Imagine you've just run a model or synthesised some new analytical data and want to quickly compare your results with other data sources, inspect the results, and share with colleagues - essentially create a visualisation you can demonstrate.

2. Define a question

For this session the question we want to address is:

How are the 'hilliness' of suburban areas and and 'tree cover' in Canberra related? ...and do hillier sections have more or less tree cover than flatter sections?

3. Choose useful datasets

To answer our question we need some data on topography, tree cover and section boundaries in the ACT.

From NCI's collections we can use:

  • A Shuttle Radar Topography Mission raster DEM at 1 arc-second resolution
  • Some tree cover indices from the ANU Water and Landscape Dynamics collection: /g/data2/ub8/

NCI doesn't hold cadastral data, so we'll get those from the local land administrator:

  • ACT cadastral data outlining sections (held outside NCI)

Note - here, sections are collections of 50 or so individual house blocks. Our elevation and tree cover data are too coarse for individual house blocks - and the vector data file for blocks is massive!

These data will come in three different formats:

  1. GeoTIFF (constructed from a NetCDF file using WCS)
  2. NetCDF4
  3. Vector data as GeoJSON, which we will save as Geopackage or ESRI shapefile for use in QGIS

4. Choose data manipulation strategies

The use case for this exercise is to quickly merge prototype data (eg model output, analysis results) with relevant geospatial data for initial analysis and sharing. We will use three different approaches to obtain data for this map:

  1. We will obtain elevation data from the SRTM national mosaic using WCS. The assumption here is that we can find data via the NCI service catalogues more easily than on the file system.
  2. We will obtain tree cover data from a NetCDF file held on the NCI file system. We assume that this is your own data, that may not be published anywhere yet.
  3. For the cadastral data, we will request vector data not held at NCI using a web service.

The WCS request uses only a web browser. For filesystem data we use the NetCDF operators (NCO, http://nco.sourceforge.net/) to subset and manipulate our data. And for external web service requests we will use QGIS native capabilities to ingest data.
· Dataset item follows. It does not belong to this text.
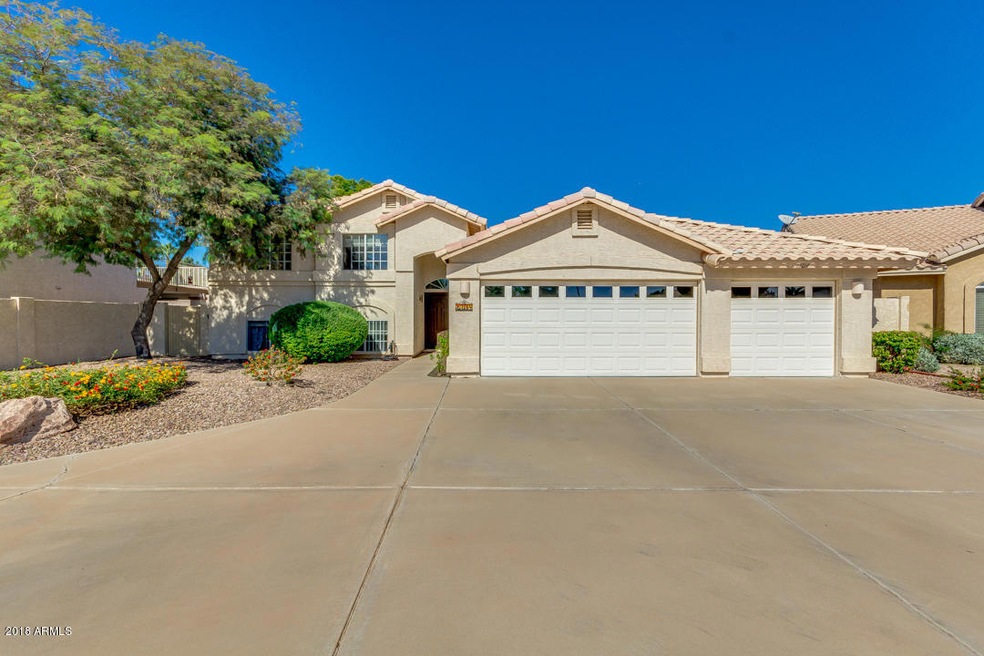 1704 E Butler Cir, Chandler, AZ 85225 - photo 1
Further reading about the data we are using

Elevation

We use an SRTM elevation mosaic, held in Geoscience Australia's elevation reference collection:

  • THREDDS: http://dapds00.nci.org.au/thredds/catalog/rr1/Elevation/NetCDF/catalog.html
  • Geonetwork: https://geonetwork.nci.org.au/geonetwork/srv/eng/catalog.search#/metadata/f9082_1236_9859_8989
  • Filesystem: /g/data1/rr1/Elevation/NetCDF/

Licensed under Creative Commons (CCBY4): http://dapds00.nci.org.au/thredds/fileServer/licenses/rr1_licence.pdf

Tree cover

These data come from the ANU Water and Landscape Dynamics collection:

  • THREDDS: http://dapds00.nci.org.au/thredds/catalog/ub8/au/catalog.html
  • Geonetwork: http://geonetwork.nci.org.au/geonetwork/srv/eng/catalog.search#/metadata/f1104_2906_7276_3004
  • Filesystem: /g/data1/ub8/au/treecover/

Licensed under Creative Commons (CCBY4): http://dapds00.nci.org.au/thredds/fileServer/licenses/ub8_licence.txt

Cadastral data from ACTMAPi

Data used to define cadastral sections in the ACT are obtained from the ACT Government's ACTMAPi system (http://www.actmapi.act.gov.au). Data are released under a creative commons license (CCBY4): https://creativecommons.org/licenses/by/4.0/

The section data landing page is here: http://actmapi.actgov.opendata.arcgis.com/datasets/eedcda7873934e789093b093521b0299_3 ...where you can obtain the data via API links or direct download (for example, as a shapefile).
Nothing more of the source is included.